- _Activity_
For the entries below, the expected answer is the line with "Oz܃t[Eh܃t[̂₳GtBbgtuveNg[V", the line with "Mikami Daiki", and every line between them, exactly as written, and nothing more.
-- Input records follows --
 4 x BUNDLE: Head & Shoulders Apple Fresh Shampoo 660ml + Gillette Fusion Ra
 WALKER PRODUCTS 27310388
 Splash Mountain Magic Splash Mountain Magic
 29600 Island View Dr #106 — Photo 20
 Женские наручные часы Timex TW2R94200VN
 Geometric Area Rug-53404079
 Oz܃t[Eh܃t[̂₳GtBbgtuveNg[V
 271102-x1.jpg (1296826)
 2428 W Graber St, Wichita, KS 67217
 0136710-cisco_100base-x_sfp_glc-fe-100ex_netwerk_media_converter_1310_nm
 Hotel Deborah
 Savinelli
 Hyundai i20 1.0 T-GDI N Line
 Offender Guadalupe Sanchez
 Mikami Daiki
-- Input records concluded --
-- Input records follows --
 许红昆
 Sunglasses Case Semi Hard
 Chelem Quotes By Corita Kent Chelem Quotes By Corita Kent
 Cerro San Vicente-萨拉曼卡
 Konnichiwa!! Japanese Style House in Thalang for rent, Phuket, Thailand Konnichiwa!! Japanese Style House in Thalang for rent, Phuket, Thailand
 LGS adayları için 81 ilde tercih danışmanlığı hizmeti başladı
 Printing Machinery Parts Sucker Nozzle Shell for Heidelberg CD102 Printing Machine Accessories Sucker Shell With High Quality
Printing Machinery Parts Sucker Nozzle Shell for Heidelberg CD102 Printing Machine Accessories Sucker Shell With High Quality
-- Input records concluded --
- _Result of the exercise_
 Oz܃t[Eh܃t[̂₳GtBbgtuveNg[V
 271102-x1.jpg (1296826)
 2428 W Graber St, Wichita, KS 67217
 0136710-cisco_100base-x_sfp_glc-fe-100ex_netwerk_media_converter_1310_nm
 Hotel Deborah
 Savinelli
 Hyundai i20 1.0 T-GDI N Line
 Offender Guadalupe Sanchez
 Mikami Daiki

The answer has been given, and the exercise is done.